Within the material below, count every line with the string "vertical". Give no more than the number.
Start of Records to process
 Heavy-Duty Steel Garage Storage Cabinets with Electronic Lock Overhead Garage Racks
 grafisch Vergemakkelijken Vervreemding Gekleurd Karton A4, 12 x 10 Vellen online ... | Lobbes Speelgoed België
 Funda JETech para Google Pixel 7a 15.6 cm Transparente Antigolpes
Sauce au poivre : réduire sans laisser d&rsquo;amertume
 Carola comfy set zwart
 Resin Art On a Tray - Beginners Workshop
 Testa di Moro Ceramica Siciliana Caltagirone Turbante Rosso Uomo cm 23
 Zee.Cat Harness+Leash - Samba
End of Records to process
Start of Records to process
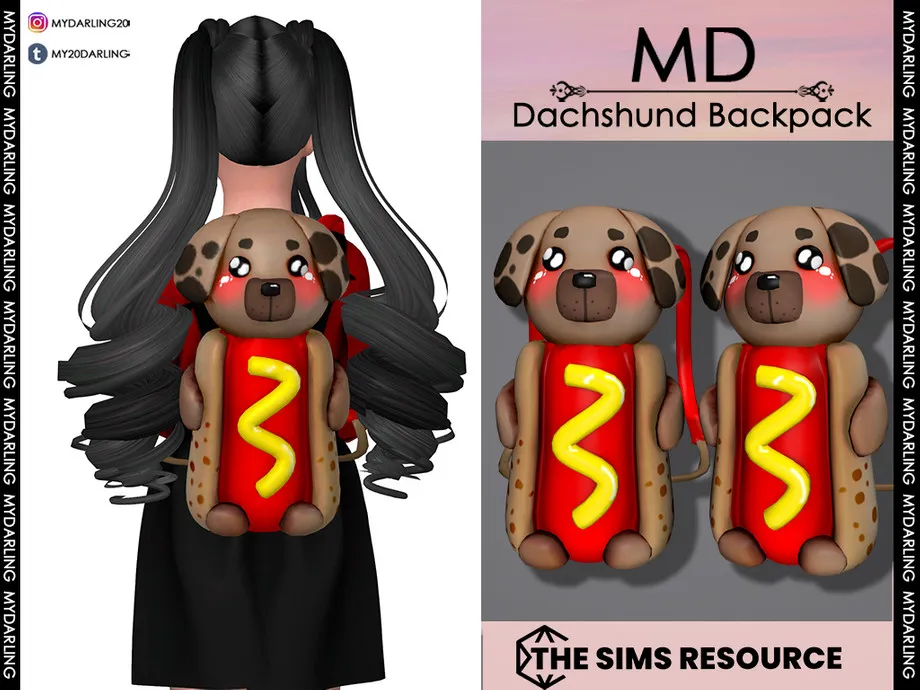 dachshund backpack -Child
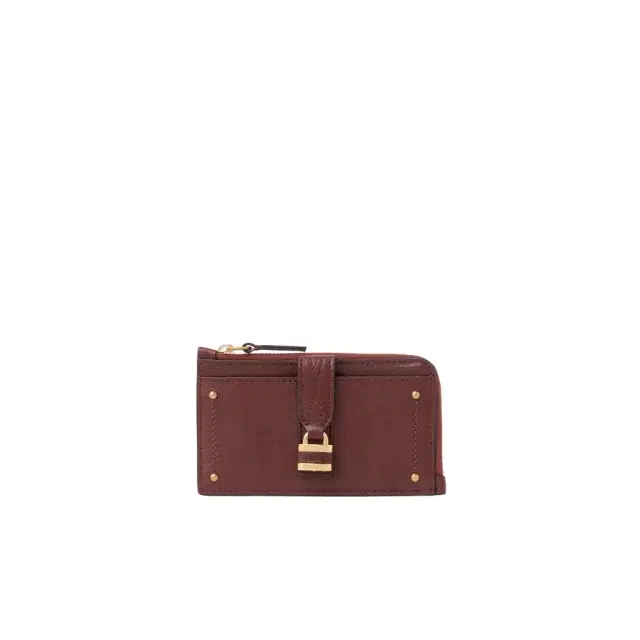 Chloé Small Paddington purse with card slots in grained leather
End of Records to process
Start of Records to process
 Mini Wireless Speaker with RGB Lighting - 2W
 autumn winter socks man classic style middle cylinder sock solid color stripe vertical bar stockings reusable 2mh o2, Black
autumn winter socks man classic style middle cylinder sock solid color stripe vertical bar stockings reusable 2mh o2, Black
End of Records to process
[Solution below]
2